▶ [What is required]: Return every record below exactly as written, but leave out the pictures.
:: Data shown ::
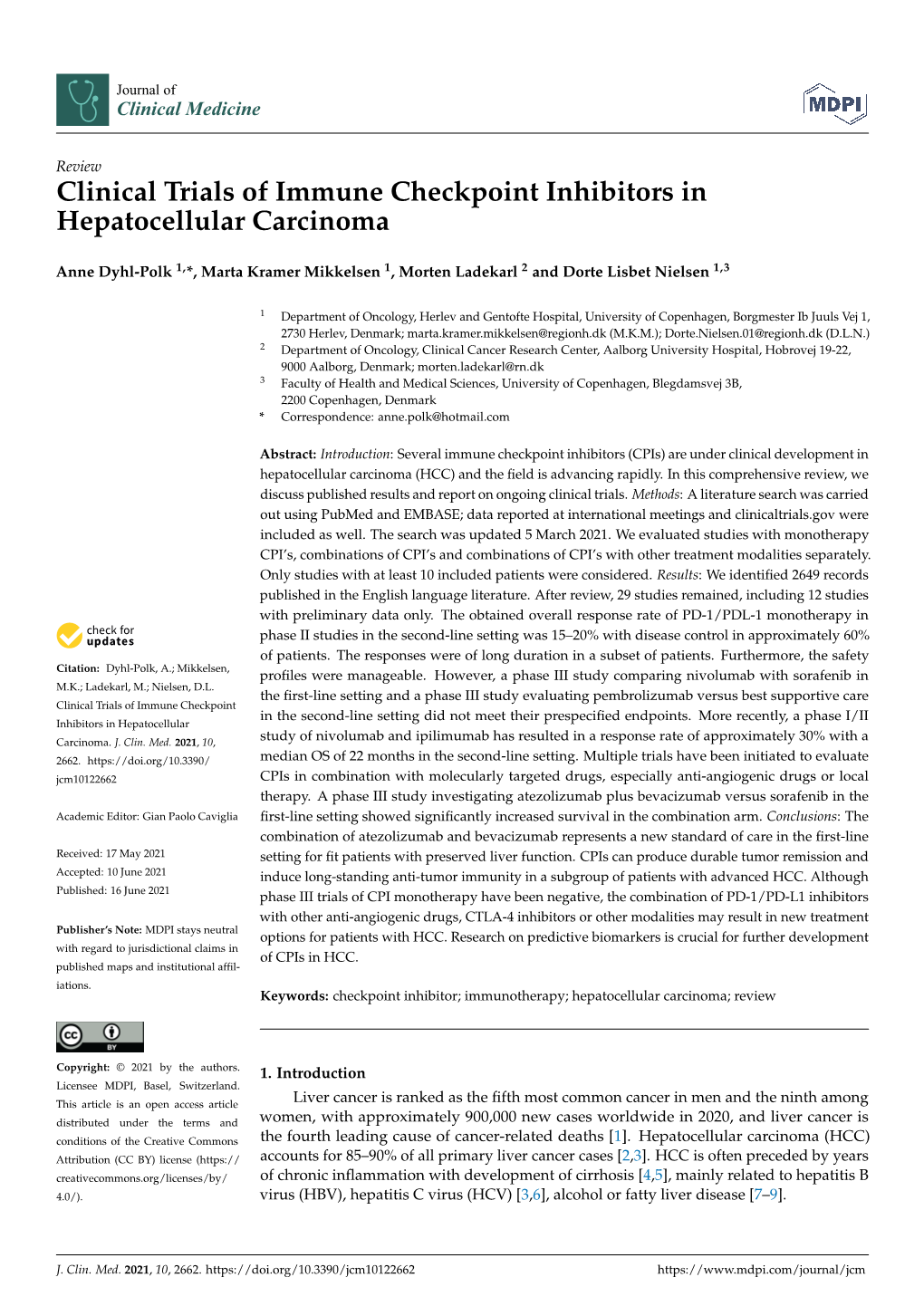 Clinical Trials of Immune Checkpoint Inhibitors in Hepatocellular Carcinoma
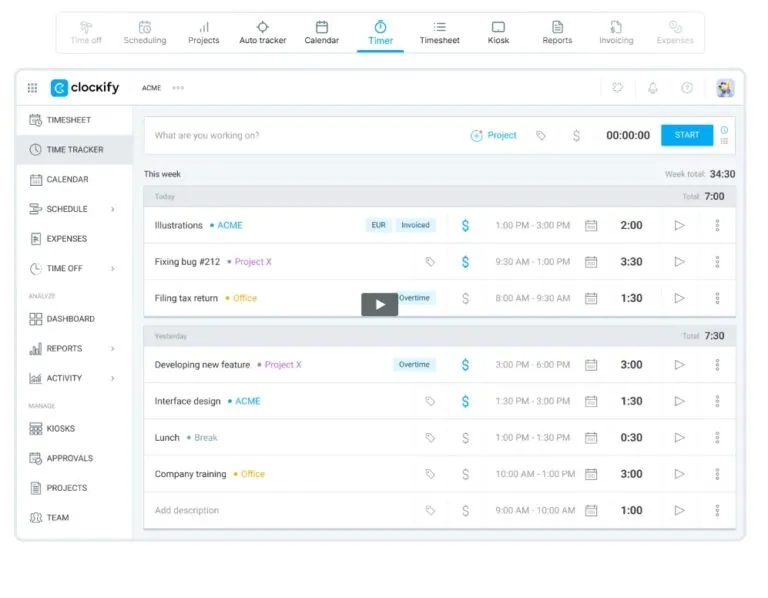 An overview of the Clockify app and its features.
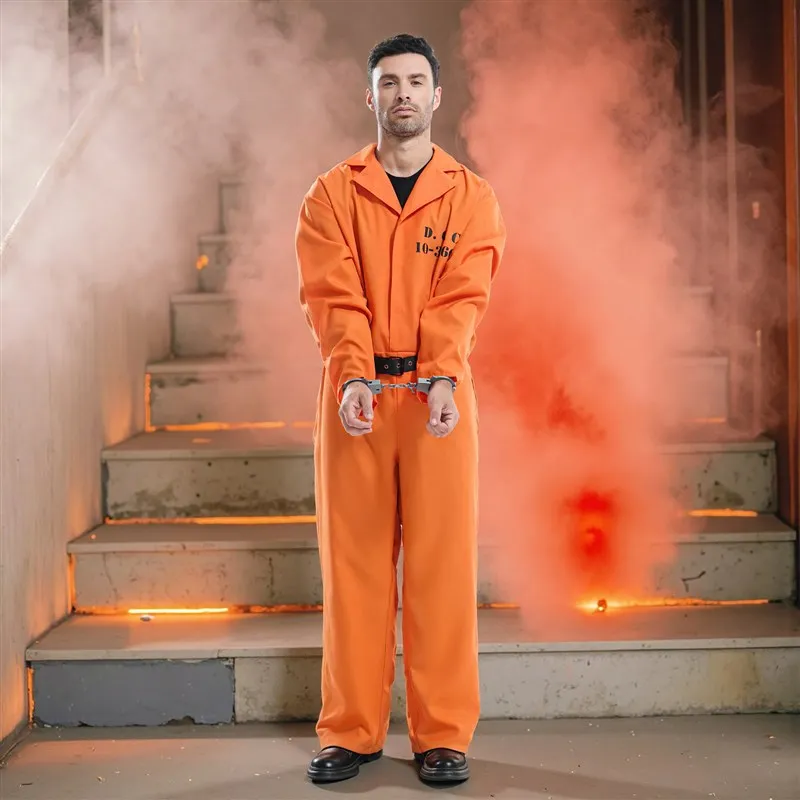 

Harroway Halloween Adult Cosplay Creative Stage Performance Men's Prisoner Costume Prisoner Clothes Summer 2025 No Brand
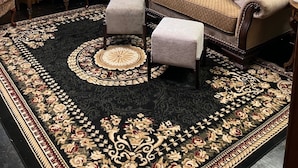 Un salon avec un tapis à motifs, un canapé, un fauteuil et une petite table.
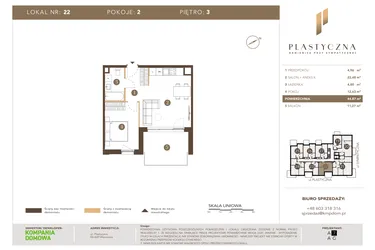 Rzut - Mieszkanie na sprzedaż 2 pokoje o powierzchni 44,87 m² - numer PK-LM-22 w Plastyczna Kamienica przy Sympatycznej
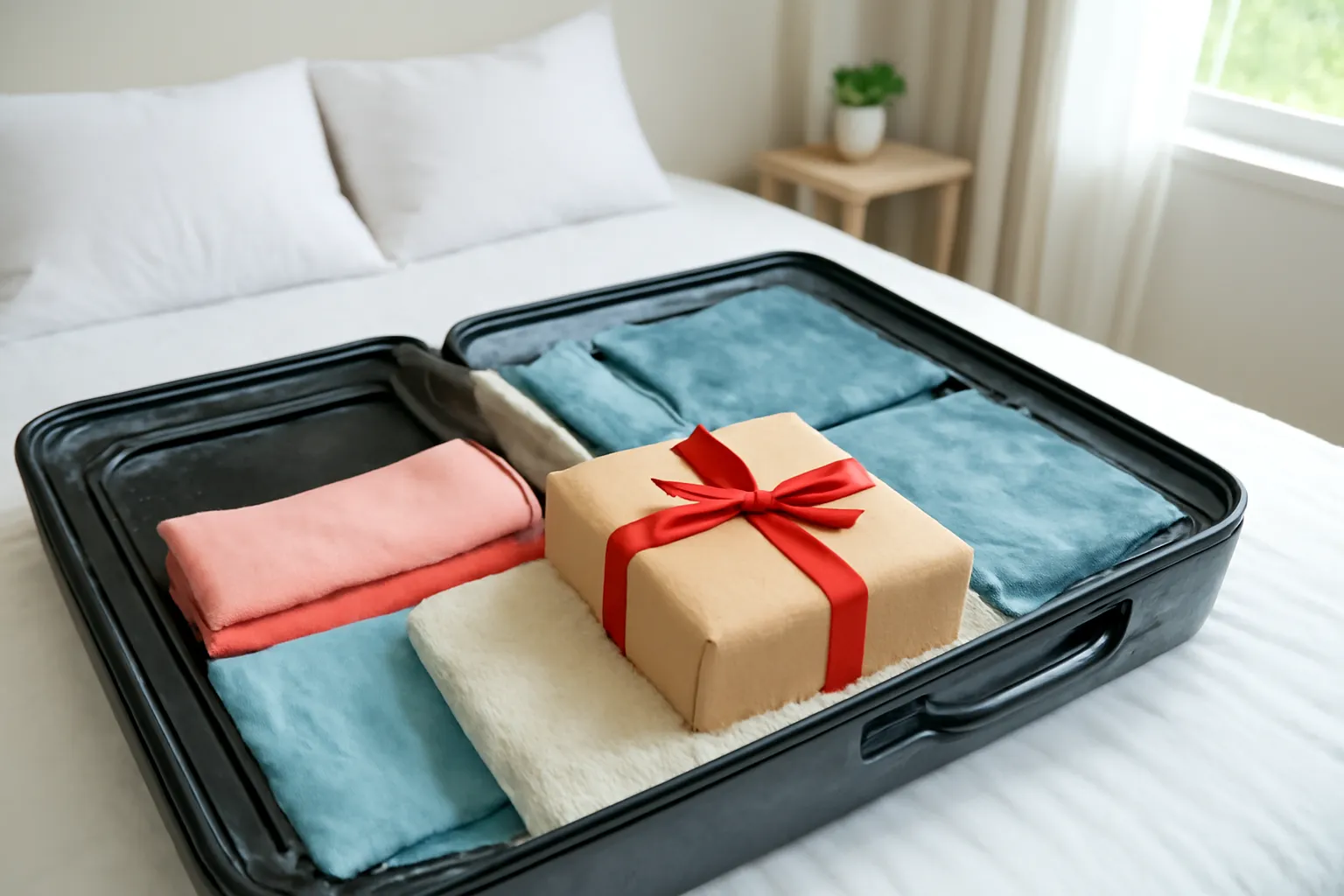 Vali mở trong phòng ngủ sáng, hộp quà mật ong được quấn khăn cẩn thận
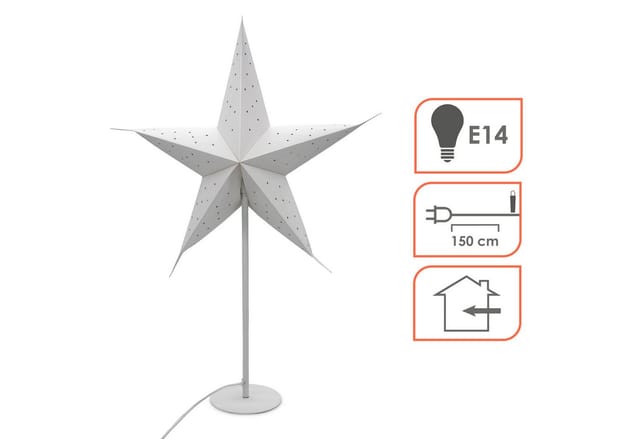 Spetebo - led Tischlampe Weihnachtsstern weiß - 68 x 44 cm - Fenster Tisch Deko Steh Lampe Stern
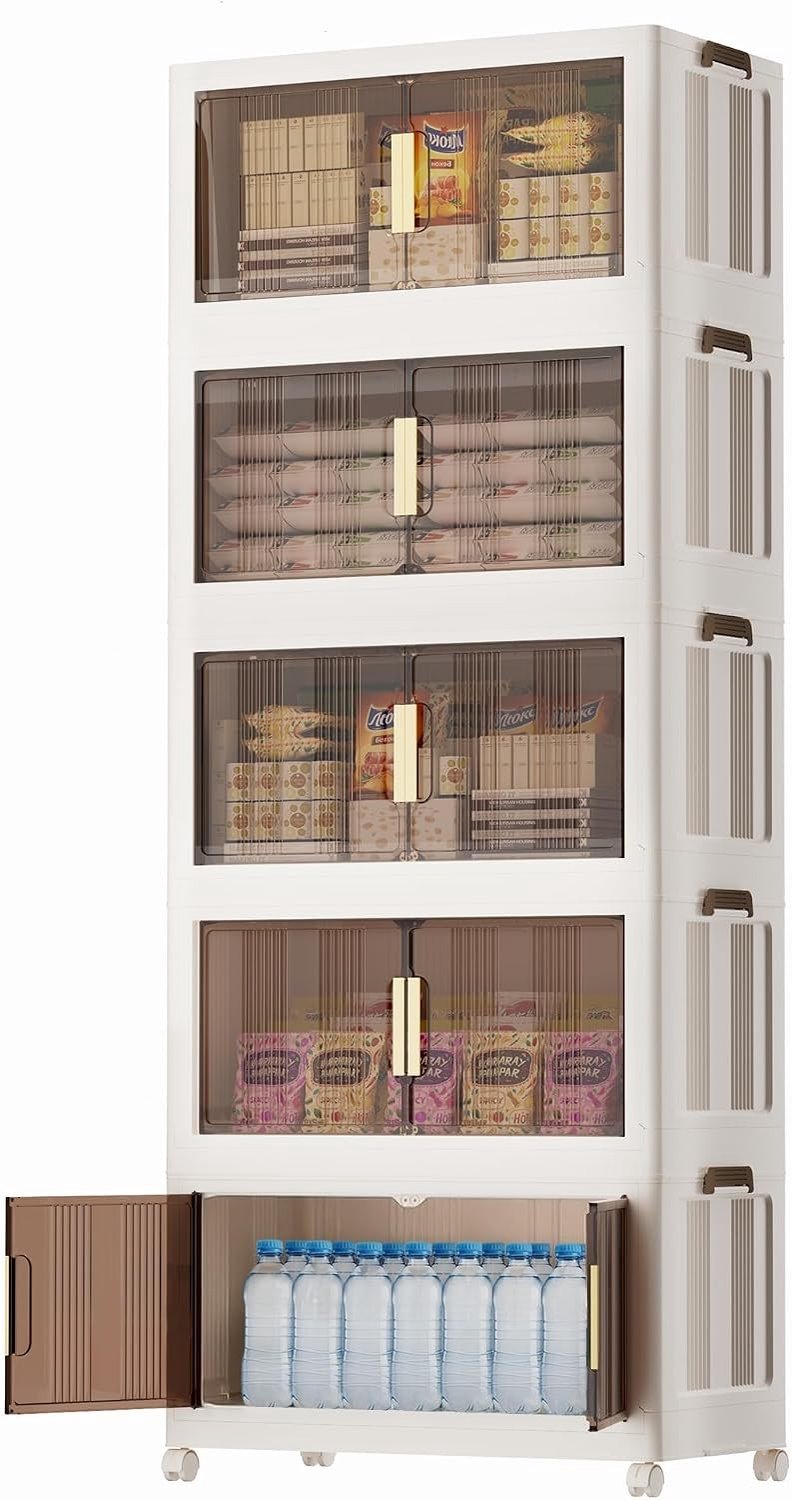 Opbergdoos met deksel - Grijs - 7405 - Ruimtebesparende Opbergcontainer - Voor Slaapkamer, Woonkamer, Keuken en Kantoor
:::
▶ [Output]:
 Clinical Trials of Immune Checkpoint Inhibitors in Hepatocellular Carcinoma
 An overview of the Clockify app and its features.

Harroway Halloween Adult Cosplay Creative Stage Performance Men's Prisoner Costume Prisoner Clothes Summer 2025 No Brand
 Un salon avec un tapis à motifs, un canapé, un fauteuil et une petite table.
 Rzut - Mieszkanie na sprzedaż 2 pokoje o powierzchni 44,87 m² - numer PK-LM-22 w Plastyczna Kamienica przy Sympatycznej
 Vali mở trong phòng ngủ sáng, hộp quà mật ong được quấn khăn cẩn thận
 Spetebo - led Tischlampe Weihnachtsstern weiß - 68 x 44 cm - Fenster Tisch Deko Steh Lampe Stern
 Opbergdoos met deksel - Grijs - 7405 - Ruimtebesparende Opbergcontainer - Voor Slaapkamer, Woonkamer, Keuken en Kantoor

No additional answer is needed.